··· LISTED RECORDS ···

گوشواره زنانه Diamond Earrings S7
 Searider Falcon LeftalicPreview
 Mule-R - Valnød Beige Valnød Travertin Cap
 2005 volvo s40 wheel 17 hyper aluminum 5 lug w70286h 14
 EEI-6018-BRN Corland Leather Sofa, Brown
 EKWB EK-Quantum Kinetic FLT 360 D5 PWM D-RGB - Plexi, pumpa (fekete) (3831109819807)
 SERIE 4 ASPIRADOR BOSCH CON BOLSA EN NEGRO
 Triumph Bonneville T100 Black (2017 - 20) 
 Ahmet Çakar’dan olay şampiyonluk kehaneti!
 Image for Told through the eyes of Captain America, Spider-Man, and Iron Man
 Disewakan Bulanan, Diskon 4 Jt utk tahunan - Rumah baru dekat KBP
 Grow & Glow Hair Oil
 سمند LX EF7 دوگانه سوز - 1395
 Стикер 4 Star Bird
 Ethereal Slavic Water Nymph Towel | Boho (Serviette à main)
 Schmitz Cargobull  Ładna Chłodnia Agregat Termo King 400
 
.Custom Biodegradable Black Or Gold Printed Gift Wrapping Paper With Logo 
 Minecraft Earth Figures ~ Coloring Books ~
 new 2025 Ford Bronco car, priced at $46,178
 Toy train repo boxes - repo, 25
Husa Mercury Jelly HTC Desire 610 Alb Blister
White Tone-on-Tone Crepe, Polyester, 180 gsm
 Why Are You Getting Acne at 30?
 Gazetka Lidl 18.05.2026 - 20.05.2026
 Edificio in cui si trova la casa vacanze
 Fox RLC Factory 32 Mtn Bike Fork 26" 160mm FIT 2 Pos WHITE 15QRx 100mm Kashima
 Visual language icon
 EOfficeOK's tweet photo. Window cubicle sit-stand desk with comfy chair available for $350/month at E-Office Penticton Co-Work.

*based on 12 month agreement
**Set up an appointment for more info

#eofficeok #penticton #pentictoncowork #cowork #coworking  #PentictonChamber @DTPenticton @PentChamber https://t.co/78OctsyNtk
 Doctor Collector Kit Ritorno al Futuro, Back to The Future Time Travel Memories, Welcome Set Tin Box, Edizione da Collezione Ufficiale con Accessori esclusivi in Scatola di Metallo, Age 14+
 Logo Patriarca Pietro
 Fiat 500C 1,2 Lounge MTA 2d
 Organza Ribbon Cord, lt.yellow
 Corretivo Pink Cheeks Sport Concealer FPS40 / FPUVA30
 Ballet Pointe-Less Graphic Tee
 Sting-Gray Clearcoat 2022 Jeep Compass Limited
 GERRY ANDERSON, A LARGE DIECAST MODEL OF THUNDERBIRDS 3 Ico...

···

WHAT YOU ARE ASKED TO DO:
Please state how many lines in the entries include the string "Black", giving no more than the number.

WRITTEN SOLUTION:
2